I was young and always afraid of losing my job, so I waited. I had bought three new pickup trucks, a large hay truck and a new tractor, and stopped on the way home and bought two hammers. We had two older gentlemen that repaired fences and did general farm work trimming fences and they needed them. I was anxiously awaiting the arrival of my boss. The next day, they were heading to Keeneland Fall Sales; this was about 1964 or 65. So, I’m walking down the lane coming from mail box, and up pulls the owners in this long Cadillac Brougham. Mrs. Sasso always drove, and Len, as she called him, (Leonard Paul Sasso), was a tough businessman.
Before the car stopped he said, “Hello Ralph, there’s something we need to go over with these damn expenses.” So he pulled out this ticker tape. The ticker tape was about five feet long with a list of expenditures from various parts of his business. He told me he’d be down the office in a bit. They went in the house and in about an hour, here he comes in his big car and driving at a snail’s pace. Well I was on a horse and gave him to a groom and quickly headed for the office. He got out of the car, shook hands and we went in. He pulled out this ticker tape and I saw two items circled and thought, “Oh boy, I’m gone.” He put his specs on; he was always dressed immaculately. He dealt with the likes (and was co-owner) of Globemaster with Paul Mellon of Mellon National Bank, and the Vanderbilts.

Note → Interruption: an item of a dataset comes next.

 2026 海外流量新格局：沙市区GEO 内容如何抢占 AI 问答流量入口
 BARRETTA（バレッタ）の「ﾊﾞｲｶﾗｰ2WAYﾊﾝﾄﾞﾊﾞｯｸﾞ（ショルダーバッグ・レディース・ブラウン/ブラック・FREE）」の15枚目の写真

Mr. Sasso was a blonde handsome man, clean-cut from northern Italy; he was really a nice gentleman but a tough business man. Anyway, he said, “Ralph, I don’t know why you bought these two items, we have to watch the gd expenses on this farm.” Pickups and tractors were running through my head and wondering if I could take them back. Well, he floored me with next statement. He said, ”Why the hell did you buy two new hammers?” I was shocked at first, but cool. I explained that we had two men repairing fences, and each needed a hammer.
We spent about 15 minutes going over how I had to watch expenses, and then he told me Anna was very happy with how I was running the farm. He said he thought one horse was a little too heavy. I had about 65 horses on the farm. He went back to the house and then he called me about 6 o’clock, and he asked me to drive him to Wilmington, Delaware to the Hotel du Pont so we could go to dinner. I said sure. I had bought a used 1960 black Thunderbird, it was a beauty. Mrs. Sasso was using her car to go visit Allaire du Pont and Kelso. Well, he got in my car and said as he was looking around, “Does this potato wagon have seat belts?” I could have choked him, but I knew him and shrugged it off.
We got to the Hotel du Pont and we ate salmon that was whole and laid out in a self-serve table. It was fabulous. It was very fancy hotel. After dinner, he pulled out that ticker tape and went to the dreaded, highlighted two hammers. I was young and embarrassed, silly I know. I was working for a very, very wealthy man and I was young and green.
He said very loudly, not screaming, just talking boldly, “Ralph, I still don’t see why you needed two hammers.”